ВШ: Мы в андеграунд-то уйдём, но это андеграунд другого типа. Мы в нём уже находимся, это связано с рыночными процессами.

ДД: И цензура другого типа, и андеграунд другого типа – но ничего же не повторяется, понятно. Тем не менее, этот опыт учитывать и некоторые аналогии проводить, мне кажется, не возбраняется.

ВШ: Спасибо, Ника, за правильный вопрос – вы видите, как мы интересно поспорили.

ЛР: Мне показалось, что мы только что по-настоящему начали разговаривать, но мне, к сожалению, надо вас покинуть.
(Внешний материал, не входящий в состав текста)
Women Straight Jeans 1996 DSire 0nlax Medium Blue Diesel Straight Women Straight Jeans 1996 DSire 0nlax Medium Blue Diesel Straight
Было жутко интересно, и я очень благодарен, что меня пригласили. Давайте мы ещё как-нибудь соберёмся.

ОМ: Я очень была рада всех видеть, спасибо всем. Еще хочу сказать, что я согласна с Богданом Агрисом. Я думаю, «вторая культура» потому стала таким сильным явлением, что она, в целом, государство просто игнорировала.

ВШ: Спасибо, мы заканчиваем разговор, и мы к нему ещё вернёмся, причем в расширенном  составе участников.